The works are low tech and low cost by design so local landowners can build them with their own resources. Local earthmoving contractors were used to develop community capacity in these types of works. If landowners are considering undertaking similar projects, it is important that they obtain any necessary approvals or permits before commencing any work within a riparian channel. Talk with your local Local Land Services contact for advice on what approvals are required.
Installation of a log sill across the channel. The sill will assist in slowing the water thus reducing its erosive power and to create conditions for sediment to deposit and raise the channel bed. Raising the bed of the channel will reconnect the creek with its floodplain. Once the floodplain is reconnected the water will be spread out over the floodplain reducing the destructive impact of larger floods, further improving the stability of the creek.
An example of a simple log jam that could be installed by landholders on their own farm.
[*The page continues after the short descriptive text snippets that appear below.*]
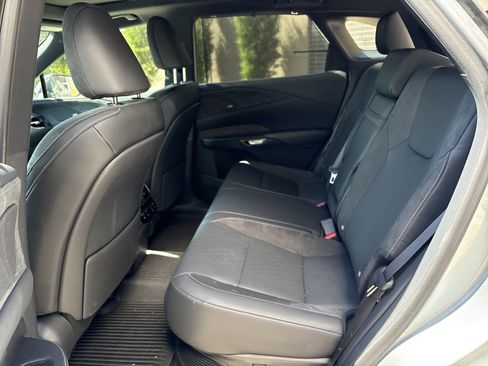 Used 2025 Lexus RX 350 w/ Convenience Package AWD/4WD image 31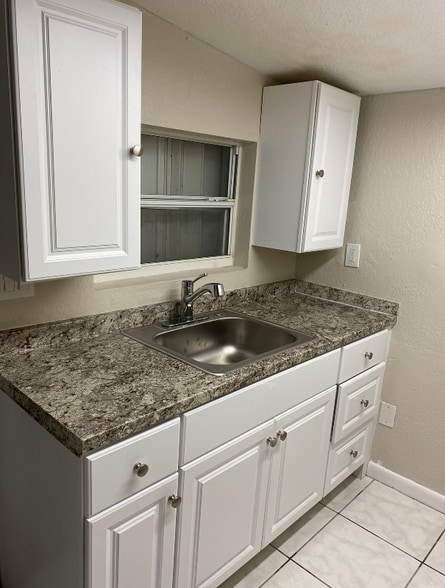 Building Photo - 1219 S 10th St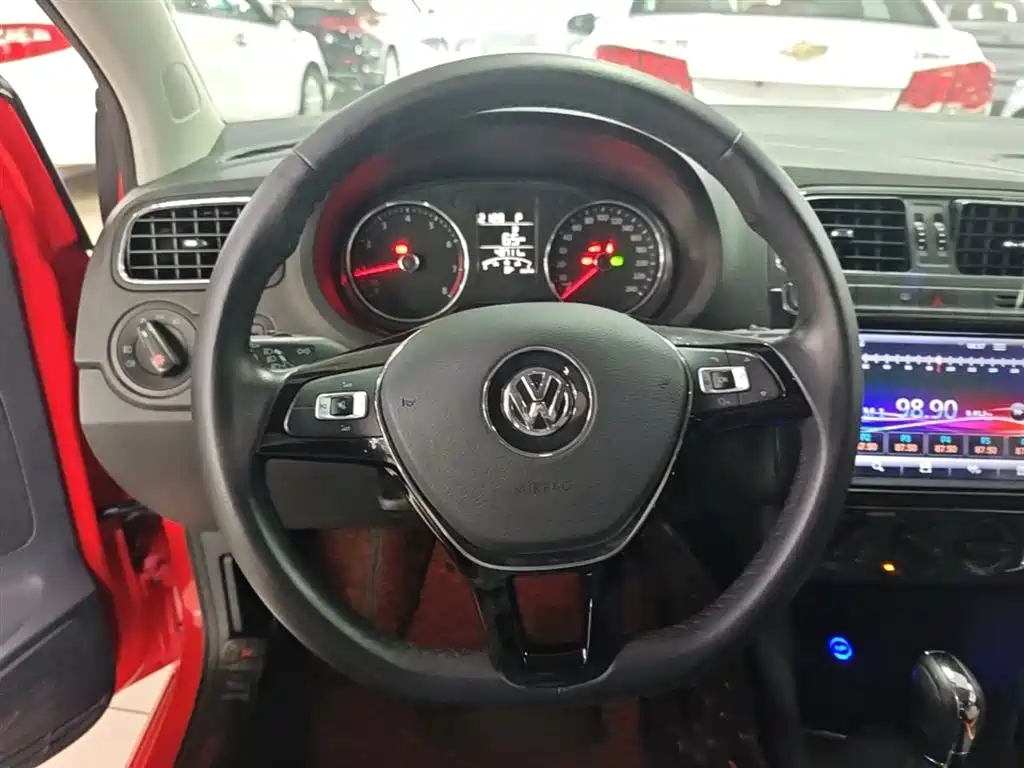 Volkswagen Polo 2016 1.6L Automatic Comfort фото 11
All the timber was from the property and arranged in the creek at strategic locations to help slow the flow of water and protect the bank. To ensure the timber stays in place, they can be cabled together, or timber pins used. Approvals or permits may be required for this type of work.
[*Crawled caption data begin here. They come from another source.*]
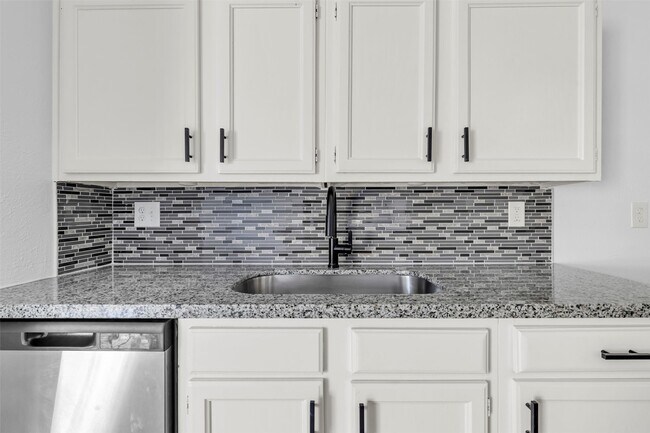 Building Photo - 4406 Kacee Dr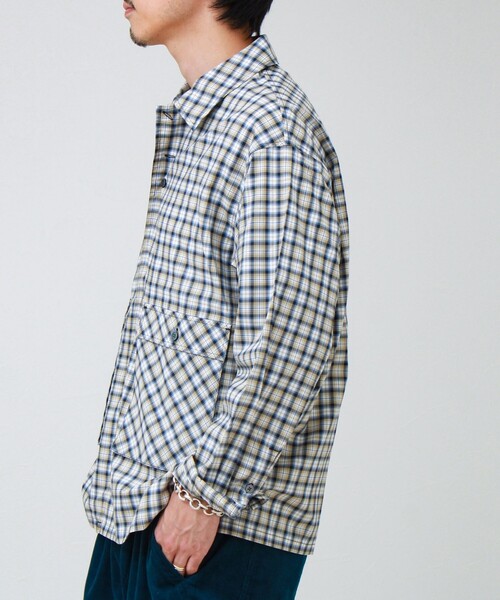 GLOSTER(グロスター)の「【CONVENI shirts BZ】ダブルポケットシャツ(シャツ/ブラウス・メンズ・ネイビー/ブルー系その他/ブラウン系その他・L/S/M)」の6枚目の写真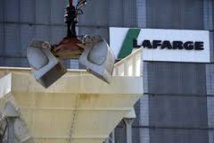 Paris appelle Lafarge à “réfléchir” à sa participation au mur de Trump Paris appelle Lafarge à “réfléchir” à sa participation au mur de Trump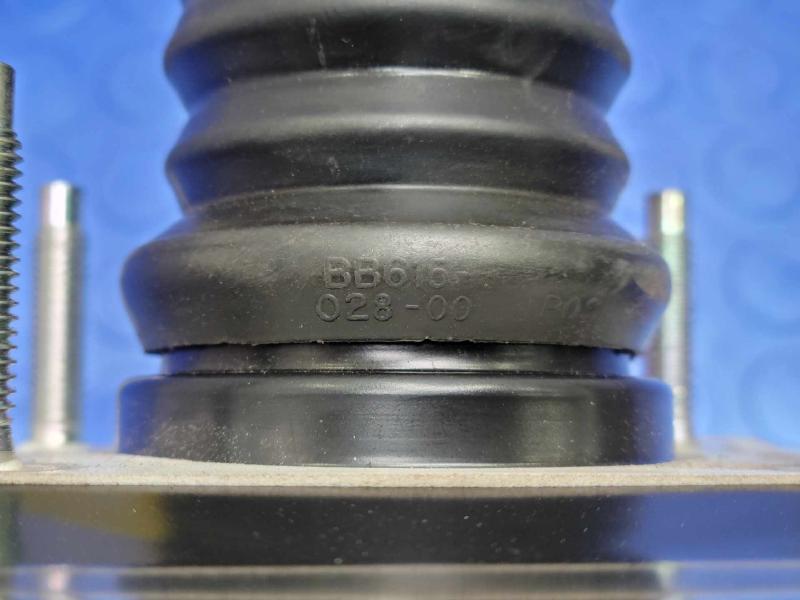 2013 Hyundai Santa Fe Sport 2.4L Power Brake Booster Genuine OEM 585002W800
Since the works have been installed there has been significant sediment deposition and extra moisture levels are evident. These conditions have allowed the successful reintroduction and regeneration of native vegetation. There is also evidence that the works focused on intercepting and slowing the movement of the shallow groundwater is working.
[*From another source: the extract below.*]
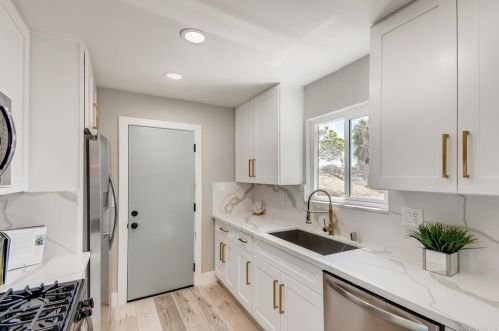 24 Palomar St, Chula Vista CA  91911-3533 exterior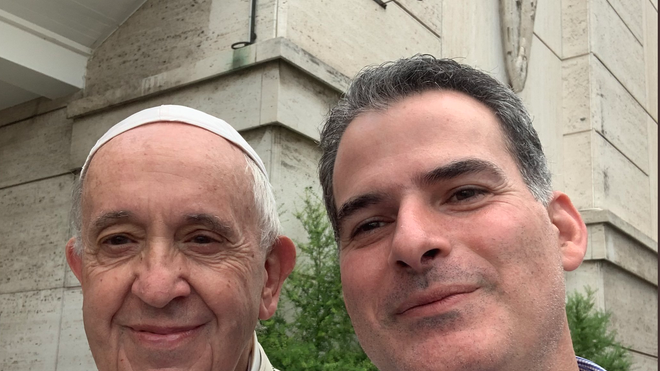 Selfie del Papa con Rafael Luciani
Recent deposition in the creek bed is evident from rainfall events in early 2020 and, in some places, up to a metre in depth. It can be seen from the photo that tree planting has been undertaken to further stabilise the creek bed and banks and that groundcover is increasing.
The landowner, George Macdonald, has been monitoring the creek closely and is impressed how rapidly and substantially the creek has responded. He says, “our vision is to reinstate the natural creek and reconnect it to its floodplain. We figured it was not called Water Gully by chance”.
“Stage 1 was completed in 2019 when the drought was at its most brutal and rain just a distant memory. When the sky opened in January 2020 it generated several large flow events on relatively insignificant falls of 15 to 20 mm. This resulted in the areas between the structures pooling water and catch enough sediment to raise the bed, over about 500 metres in length, up to 1 metre depth in places. It became a totally different creek over a period of 20 days. Subsequent major flows including one which flooded the village saw additional sediment deposited in the rehabilitated section of the creek, while unrehabilitated sections of the creek experienced significant erosion. Since January 1, 2020 to date [June 2020] the sediment has retained significant permanent moisture, allowing us to successfully plant casuarinas and wetland plants in the creek” said George.
The video shows drone footage following the creek bed where one of the structures was installed. It was constructed using large logs cabled in place with geotech fabric on the upper side. The aim of this log sill structure is to stop the creek bed lowering and accumulate sediment to allow revegetation of the channel. Phragmites, cumbungi and casuarinas have been planted in the sediment that was deposited after the first flow.
“Interestingly, the most recent falls of in excess of 25 mm have generated almost no runoff in the creek, pointing to the likely influence of increased pasture cover and increasing water infiltration rates. I am really excited to see how Phase 2 continues this process,” George said.